Derrière l’écran…
Bien calé derrière notre ordinateur, nous avons une capacité de nous abstraire de la réalité concrète, nous nous sentons tout puissant car connectés au monde sans pour autant avoir en rien la nécessité d’y intervenir.
Autrefois, c’est la création, la page blanche ou la toile vierge, qui donnait cette impression de liberté et de puissance…
Qu’avons-nous fait de notre créativité ?
Dans un monde fait de contraintes constantes, Internet donne l’impression d’être un champ libre. Nous pouvons circuler comme bon nous semble, avoir des contacts et les écraser. Ne plus répondre et dénier à chacun son existence. Nous pouvons briller, prétendre être ce que nous ne sommes pas. Utiliser l’image ou les mots pour sculpter un visage que nous rêverions d’avoir.

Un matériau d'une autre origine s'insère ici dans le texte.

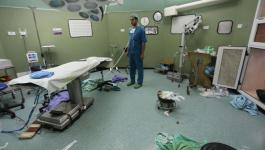 تعليق العمل بأكبر مجمع طبي في غزة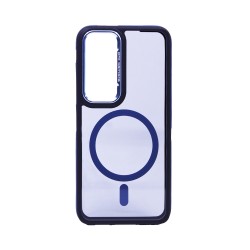 Designer Magnetic Hard Case for Samsung Galaxy A16 Black Blue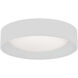 Modern LED 15 inch Satin Chrome Flush Mount Ceiling Light in White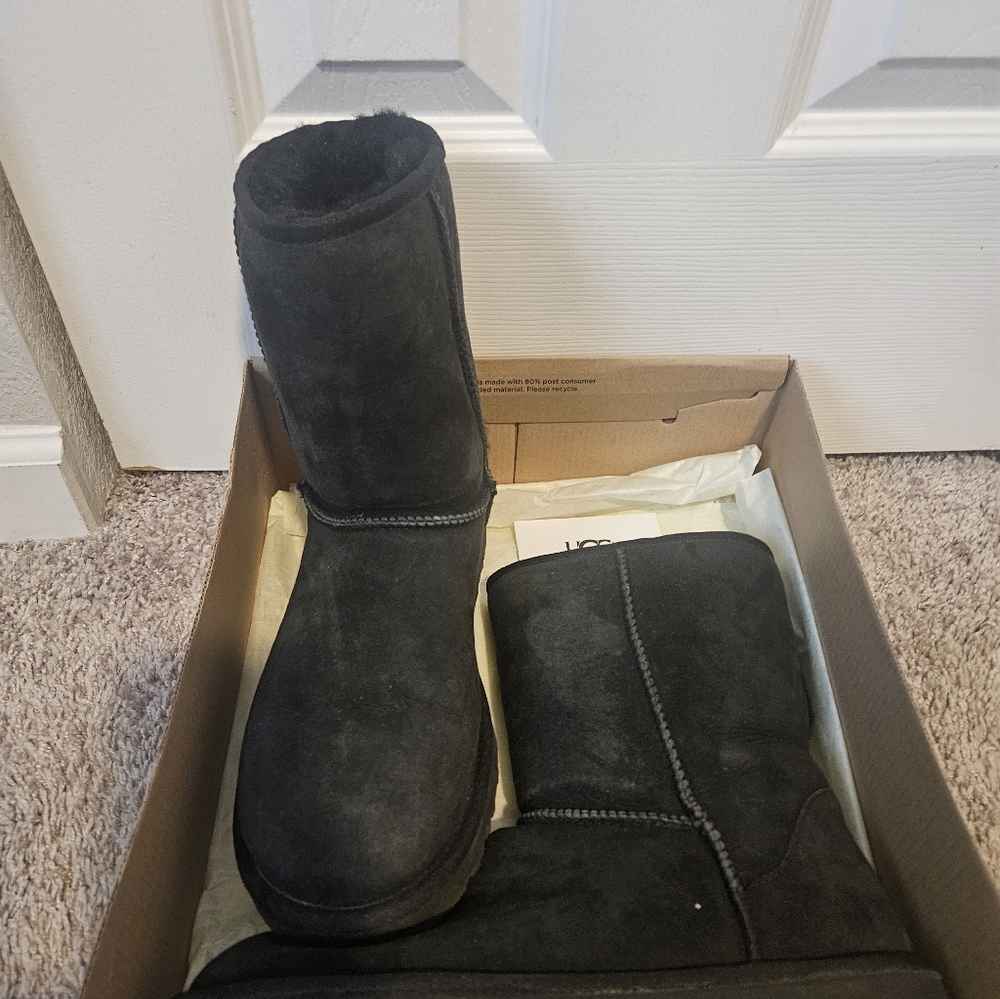 UGG Classic Short II Black Boots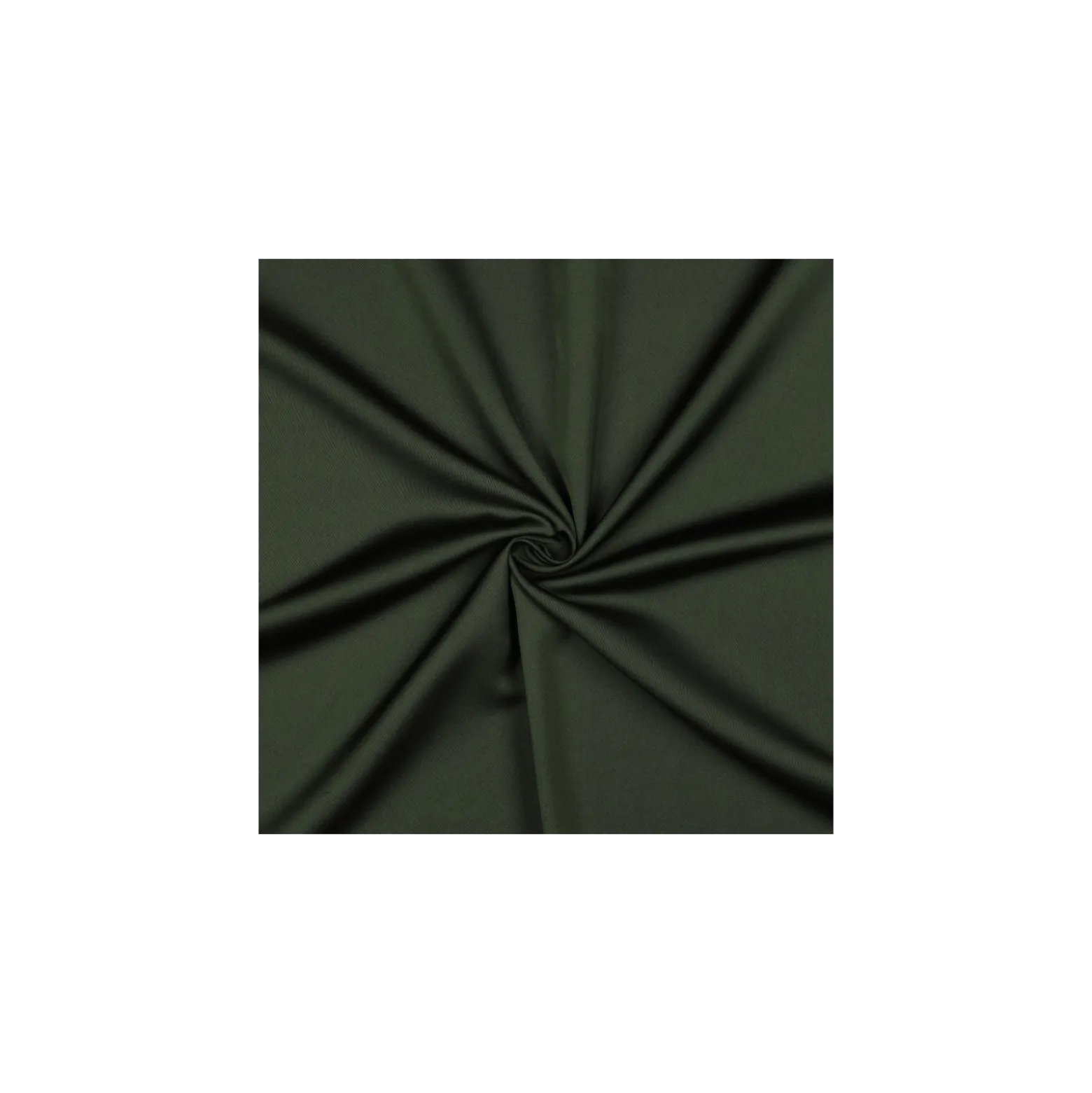 Tissu micro satin touché soie - vert foncé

Nous pouvons « quantifier » les gens en additionnant les amis, avoir une popularité supposée calculée en « like » savamment distribués… Faire le buzz ou créer la surprise pour être certains d’avoir une existence. Mais nous ne faisons rien de plus que projeter une image inventée sur un écran toujours changeant et dont nous n’avons même pas la certitude qu’il sera regardé.
Et pourtant, malgré tout, Internet est une puissance libératrice : un catalyseur de toutes nos peurs. On ose se lancer, demander un rendez-vous, envoyer un CV, un mail vengeur, défendre son point de vue, justement parce que l’espace de sécurité est maintenu.

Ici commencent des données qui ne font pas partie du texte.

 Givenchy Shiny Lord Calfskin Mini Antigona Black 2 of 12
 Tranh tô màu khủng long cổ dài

Nous pouvons prendre la comparaison avec la méditation : étant dans un espace où nous nous sentons en sécurité, nous avons le courage de faire face à ce qui nous mine, nous fait peur ou nous trouble. Nous voulons bien regarder au fond de nous-même parce que nous le faisons depuis une réalité protectrice.

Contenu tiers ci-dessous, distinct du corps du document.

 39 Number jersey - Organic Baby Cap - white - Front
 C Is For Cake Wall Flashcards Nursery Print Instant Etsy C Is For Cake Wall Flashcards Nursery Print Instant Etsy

De même Internet renforce notre centrage, notre capacité à nous surprotéger et de fait, nous permet plus d’audace, une forme de création qui n’est peut-être plus celle d’une œuvre extérieure à nous, mais une affirmation différente de soi : un peu comme si finalement, nous avions l’autorisation d’ouvrir de nouvelles voies dans notre personnalité.